There are so far five institutions that have achieved an A-plus or above. Wagner College, Tulane University, George Mason University and Ohio State University all achieved an A-plus. Amherst College is the only institution so far to have achieved an A-plus-plus.
All 21 of the colleges and universities that were given failing grades by the project, including Spelman College, Georgetown University and University of California, Santa Barbara, earned them by having no dashboard at all.
But many of those institutions, including Spelman and Georgetown, did not open their campuses to students this semester. (Some of the ratings also appear to be out-of-date. Georgetown, for example, does have a COVID dashboard.)
Forman and Ojo say it’s important that institutions that do not have students on campus still have dashboards to provide transparency to faculty, staff and anyone else who needs to enter campus. Dashboards can also indicate the level of testing that is available for those people. Colleges that want to open in the spring or next fall would be wise to build their dashboard infrastructure now, they said.

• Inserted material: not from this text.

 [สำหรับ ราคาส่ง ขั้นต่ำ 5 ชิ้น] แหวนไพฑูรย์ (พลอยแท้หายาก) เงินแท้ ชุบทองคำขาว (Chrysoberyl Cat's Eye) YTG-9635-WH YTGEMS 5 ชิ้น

But, Forman and Ojo said, over all, colleges and universities are improving.
“We’re very impressed with the fact that many universities have taken this seriously. We’ve noticed many universities going from having no dashboard to quickly developing a dashboard, even going so far as to improve it over time,” Forman said. “What we wanted to see is that universities are moving in the right direction, and they absolutely are.”

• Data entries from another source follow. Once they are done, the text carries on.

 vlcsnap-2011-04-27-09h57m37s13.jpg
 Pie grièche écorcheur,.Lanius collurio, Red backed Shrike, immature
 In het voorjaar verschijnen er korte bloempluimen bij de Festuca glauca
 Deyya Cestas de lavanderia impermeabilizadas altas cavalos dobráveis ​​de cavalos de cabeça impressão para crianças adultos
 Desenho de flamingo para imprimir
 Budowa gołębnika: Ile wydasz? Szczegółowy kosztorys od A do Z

“That growth is why we’re doing this. Because we want to help schools think about or create a framework for the information they want to display,” Ojo said.
Some colleges have asked to be rerated by the project after improving their dashboards.
Officials at Amherst College, the only institution to receive an A-plus-plus, said seeing their rating from the project helped them make improvements.
“Early on we knew from the beginning of the semester it would be important to be very transparent both with our own internal Amherst College community but also with the local community and our neighbors,” said Matt Hart, director of emergency management at Amherst. “When we learned that we were given an A, we discovered that there were only a couple of minor tweaks that we would have to make to get to that A-plus-plus, and we figured it couldn’t hurt, particularly if it could encourage other institutions to follow suit.”
As the project has grown, so has the team behind it. Hannah Todd, a med student at Baylor College of Medicine; Sarah Pitalfi, an undergraduate at Yale; and Eric Newberry, a data analyst at Ohio State, were all brought on to help in the effort.
Feedback for the project has mostly been positive, but Forman said that sometimes people expect the ratings to be something they are not.
“Some of the most aggressive comments we saw were when we gave a high rating to a dashboard and people on that campus or maybe parents of kids were like, ‘This may seem good, but it’s horrible there,’” he said. “I think people are misunderstanding -- we are not rating how good the program is. We are not rating whether they are doing good public health practices or whether their screening or testing program is better or worse than others. We are only rating them on transparency, on how much data they are sharing with the public.”
“If colleges say they are isolating and quarantining people, we can’t ascertain whether that’s really happening,” Ojo said.
Over all, the project team said, they just want to see colleges exercise transparency.
“I think that the public needs to hold institutions accountable, whether they are public or private institutions,” said Forman.
“We are doing this with the hopes that everyone will get an A-plus-plus,” said Ojo. “That is our No. 1 goal.”